By objective figures, this was Djokovic's hardest path to a trophy, with five sets lost and 16 hours and 45 minutes spent on court—both worsts among his 28 trips to a major final. There was also the long-running mystery of the abdominal injury he had treated during his third-round match against Taylor Fritz last week. A visibly pained Djokovic spent the next stretch of the match rotating his trunk as little as possible—this proves difficult in a sport where you constantly swing a racket at an incoming object—gritted through a five-set win over Fritz, speculated that it was a "muscle tear" after the match, and said he was unsure he would be fit for his next match two days later. He didn't play tennis until two hours before that fourth round against Milos Raonic, then won in four sets with tape all over his torso. He then said it was "kind of a gamble" to keep playing, that the painkillers obscured the underlying situation, and that an MRI clarified the nature of the injury but he didn't want to divulge that during the tournament. Djokovic was back to his old imperious self by the end of the second week. After taking the title he confirmed that it was a torn oblique. (Having had a minor version of this injury that made every passing cough feel like a freshly sharpened Ticonderoga to the guts, I will simply say what the hell man.)

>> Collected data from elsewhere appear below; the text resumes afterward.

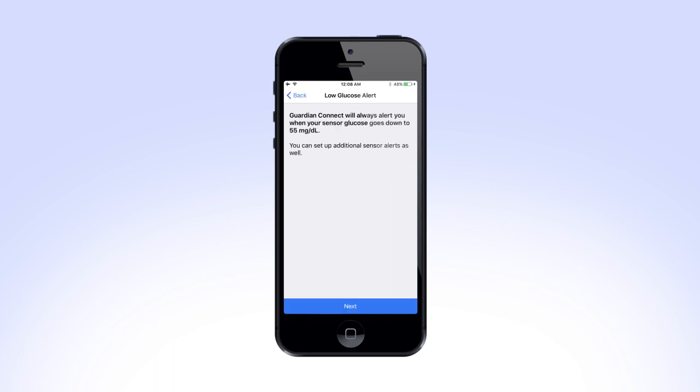The next screen reminds you that you will always receive an alert when your sensor glucose reaches 55 mg per deciliter. Tap Next.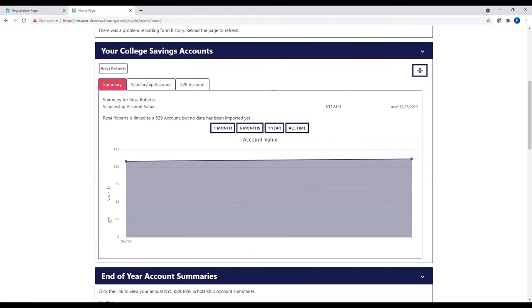Here in the Savings Tracker, you can check the balance of your child's NYC scholarship account and see how the value changes over time as you earn rewards by taking certain steps and the community contributes to your child's NYC scholarship account. You can also open and connect your own 529 account to the Savings Tracker so you can see all your college savings in one place.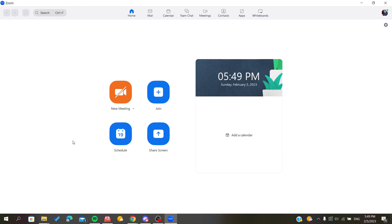After you open the Zoom desktop client, you need to sign in with your account. If you don't already have an existing account, you can sign up with a Google account, Facebook, or other associated account with Zoom, or create a new one with email and other personal information like password, username, etc.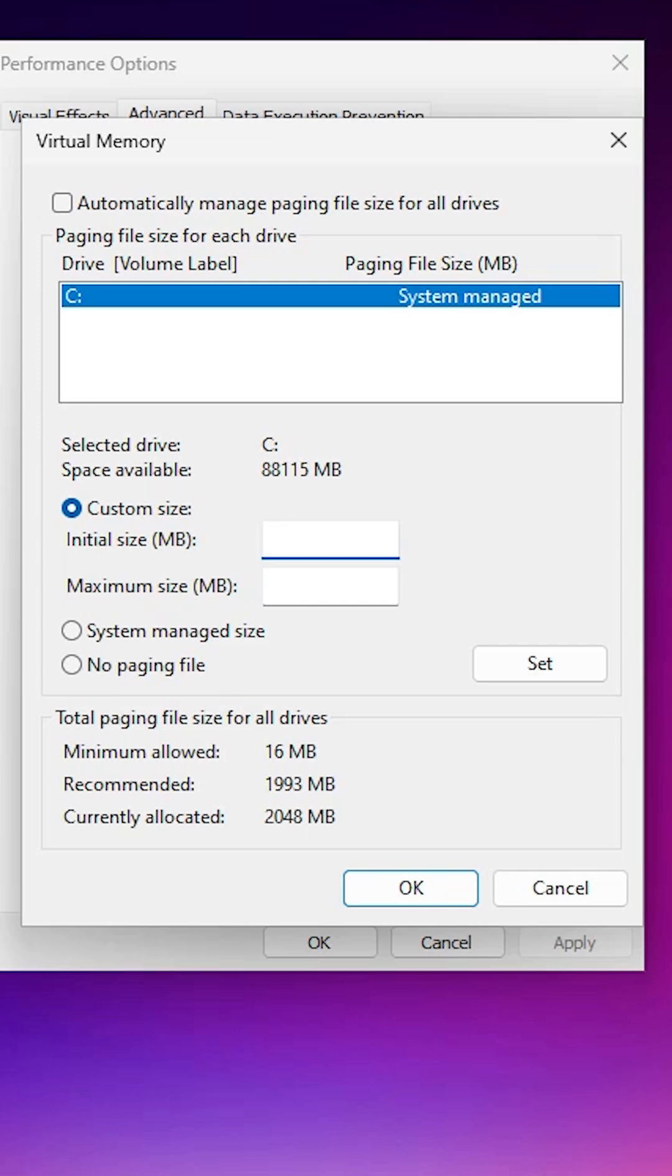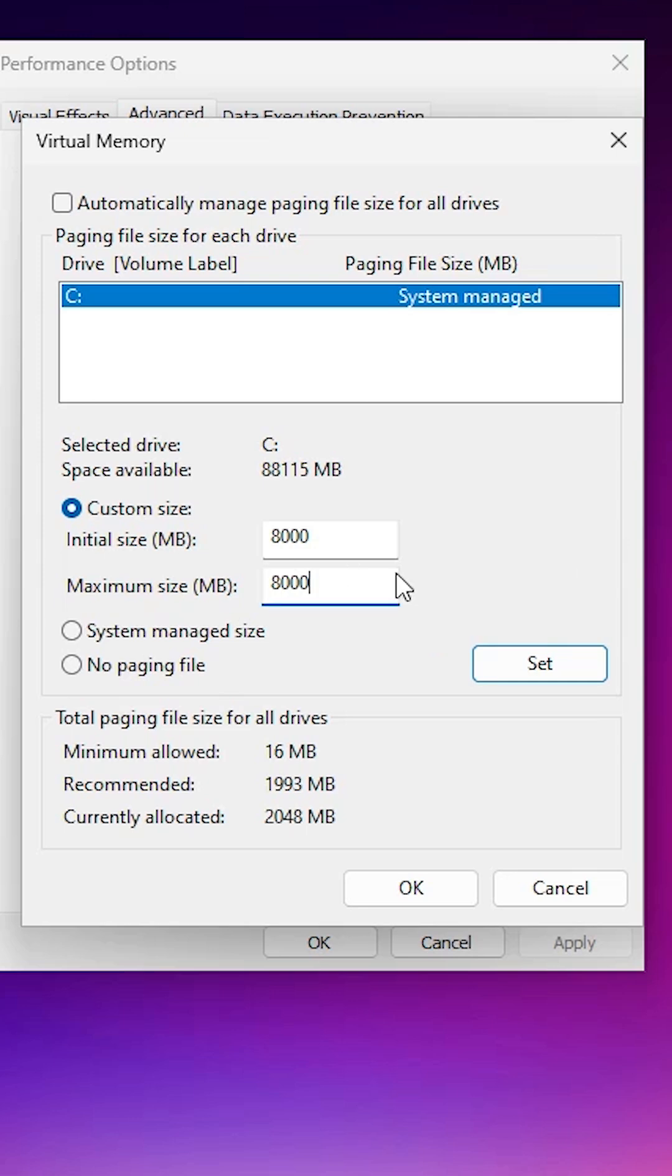For 16 GB, enter 16000. For 32 GB, enter 32000. For 64 GB, enter 64000. I'm giving 8 GB, but you can give any amount. I enter 8000 in both fields. The main important thing is to click Set.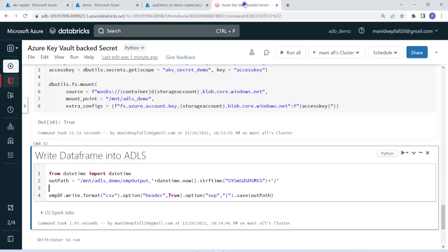This is the entire solution — how we can use Azure Key Vault to securely store sensitive information. In real-time Databricks development, it is not recommended to expose any sensitive information in the development environment. That will not be approved in any standard project. This is the way to integrate Azure Key Vault to achieve a secure solution.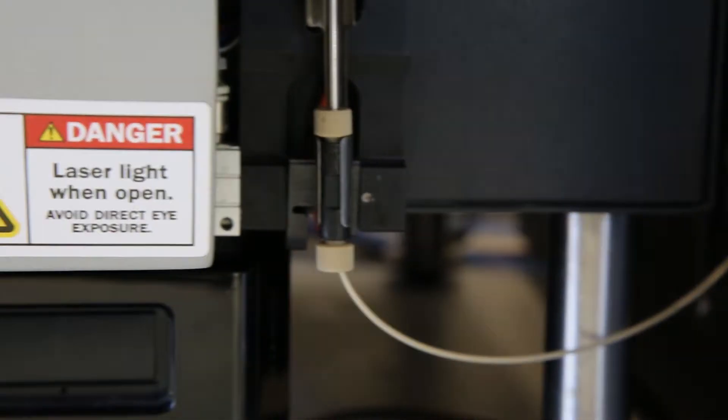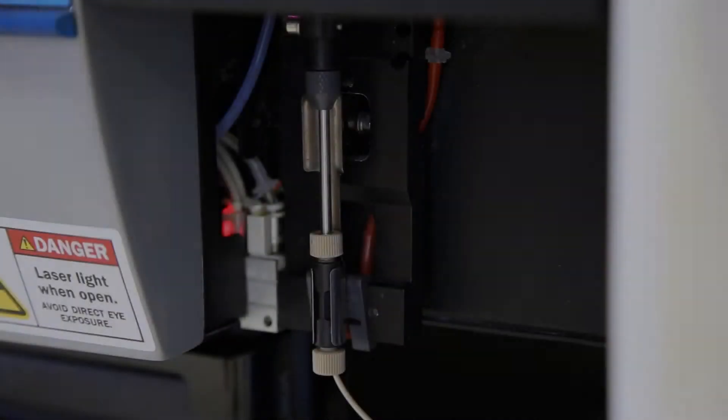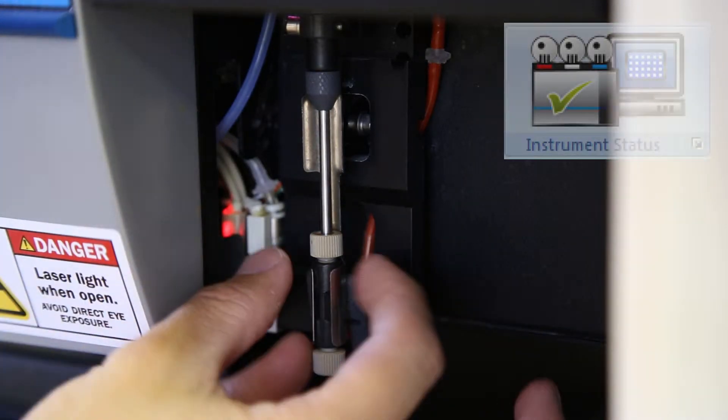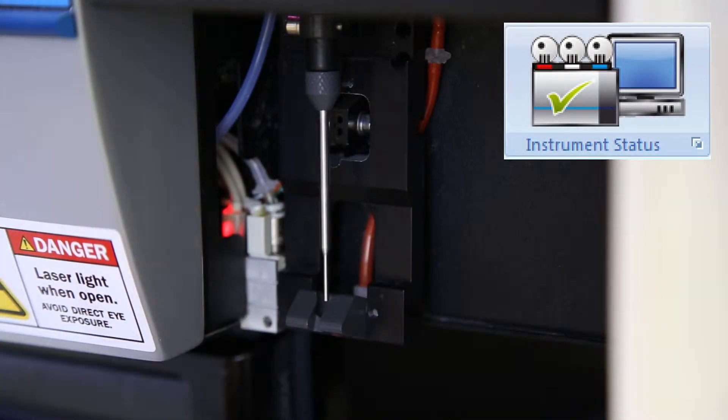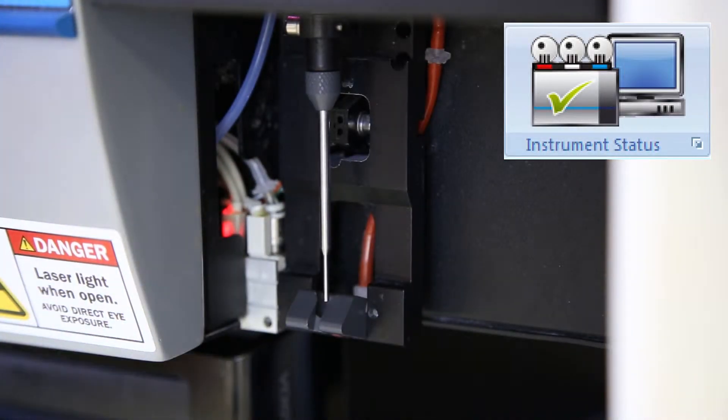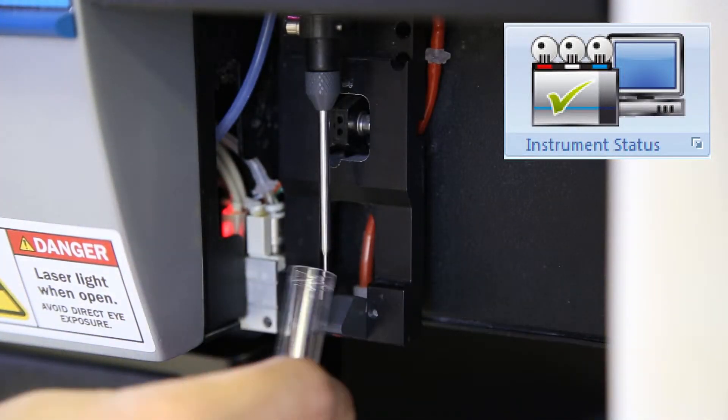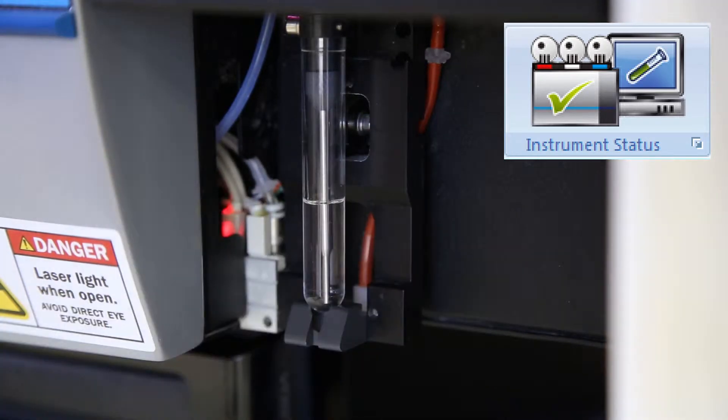The A600 makes it easy to switch between plates and tubes. Simply unscrewing the A600 connector lets the system know if you're using a plate or a tube.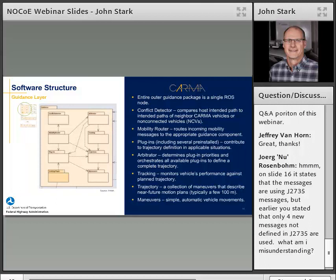There's a question in the chat: 'On slide 16 it states the messages are using J2735 messages, but earlier it was stated that only four new messages not defined in J2735 are used.' To clarify: the four new mobility messages are written in the style of J2735 — they're UPER encoded — but they are not in the standard at this time. We hope to get them in there eventually. With a little more testing we'll settle on a static structure for those.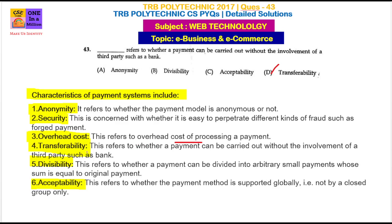Next is transferability. Without the involvement of a bank, we can transfer an amount. Next is divisibility. Divisibility means whether the payment can be divided into arbitrary small payments whose sum is equal to the original payment.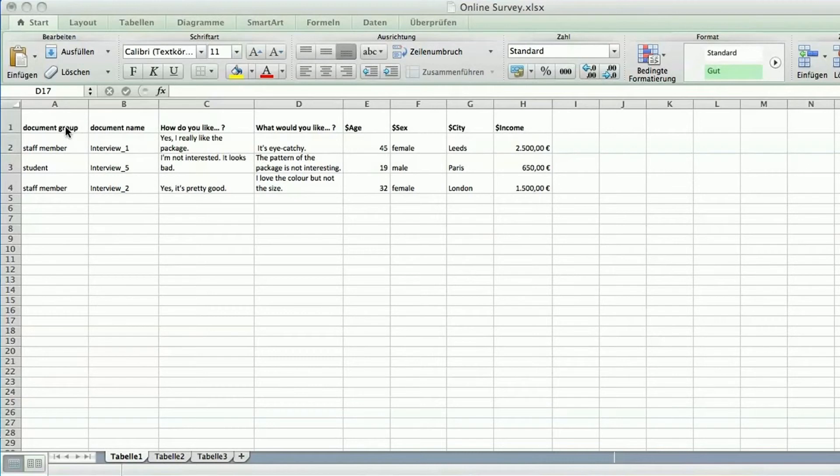For example, you could enter the profession of somebody in the first column and the interview number in the second.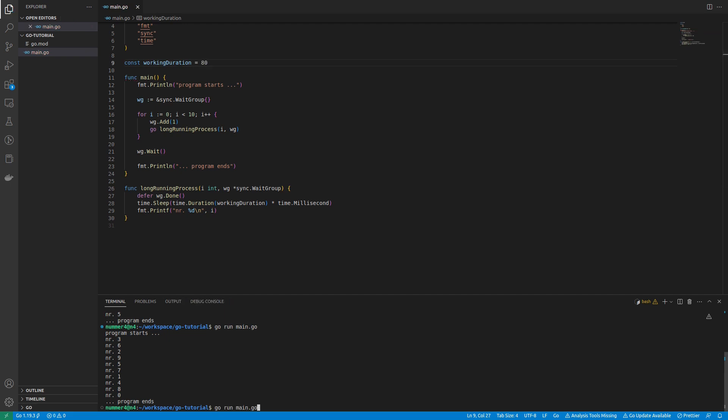Now it doesn't matter what working duration I choose. The code will work every time.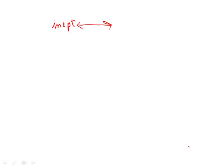Inept means unskilled, kind of clumsy, you don't know what's going on. The opposite is someone who is skilled, one who knows what's going on, anything but clumsy.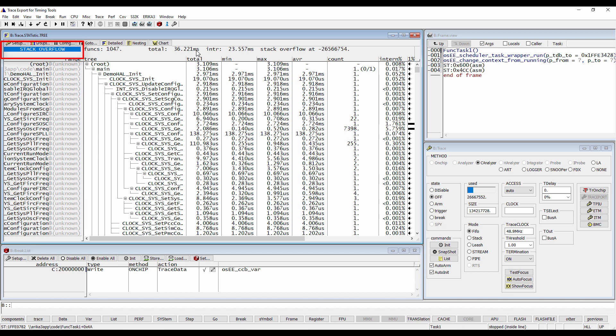These issues are generally caused by code optimizations and can be also fixed by setting Trace32 call nesting markers. Please refer to our video Nesting Function Runtime Analysis and Markers for more information.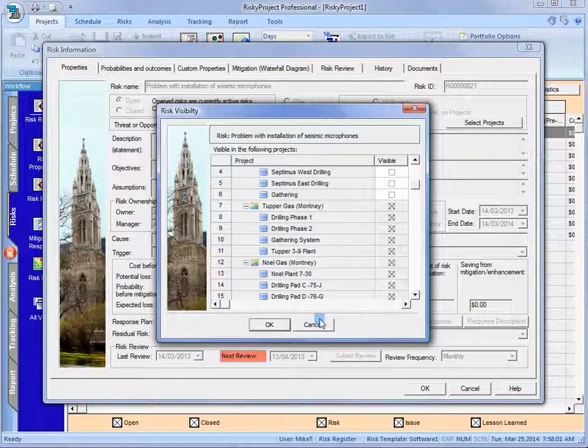unless it's by a person who has access, A, has the ability to change the risk visibility rules for that risk, and B, that they have access to those projects. So, typically, a user is not going to change the risk visibility unless that user has access to multiple projects.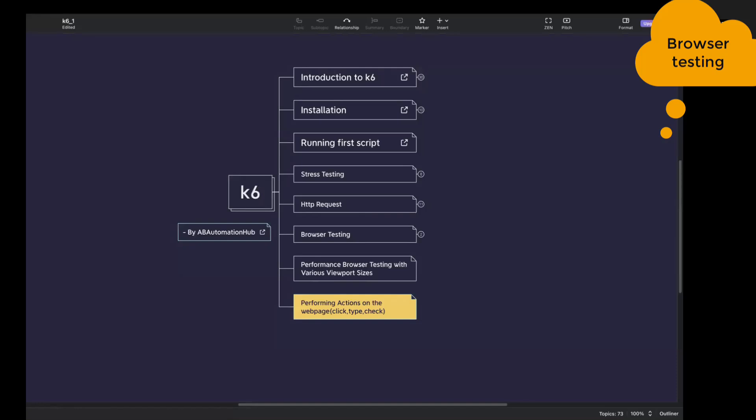Hi everyone, Anshita this side. Welcome back to EV Automation Hub. In today's video, we are going to see how we can perform different actions on a web page using K6 — actions like click, passing input in a text box, and selecting a checkbox.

Amid the pain, Djokovic strung together one of the best serving performances of his career. This was the upside of playing on what he called "ice," the fastest Australian Open surfaces he said he'd played on in 15 years. Serving became a matter of hitting his spots and letting low skids off the slick court would take care of the rest. He served 103 aces in this tournament, and hit a career-best 26 in his quarterfinal against Alexander Zverev. If any of this is replicable on other surfaces, it augurs well for his longevity, following the logic that shorter points put less stress on a player's legs and lungs. Candidly the prospect of Novak Djokovic suddenly gaining a bail-out serve is sort of demented. It's just too good. While he did hand Medvedev a number of gifts, it was this level of serving that let him dig himself out of the dicey 15-30 and 30-30 spots in this match. In one of the final games of the third set he mixed in a devilish serve-and-volley point, just to show he could.

Medvedev, current master of the runner-up speech, was in his usual cheery truth-telling mode afterwards. "I really wanted to make this match longer and more entertaining for you," he told the crowd, "but today was not the day." He sweetened the final's bitter aftertaste with an anecdote about how Djokovic chummed it up with him even when Medvedev was a peon ranked No. 500 or 600. In the press conference later, he just said out loud what everyone already knows about Roger Federer, Rafael Nadal, and the guy who just whooped him: “When they're in the zone, and I'm not shy to say it, I feel like they're just better tennis players, which shows [in] facts and numbers, than the rest of us." There is no use being evasive about this reality. Last September Dominic Thiem become the only man born after 1988 to win a major title. Thiem's path to that U.S. Open title, of course, only cleared when Djokovic unintentionally spiked a lineswoman in the throat and got disqualified. Similarly exotic flukes may be necessary to open up future vacancies at the grown-ups' table. Injuries to muscle tissue central to the execution of tennis clearly aren't dramatic enough. "We're talking about some cyborgs of tennis," said Medvedev, "in a good way."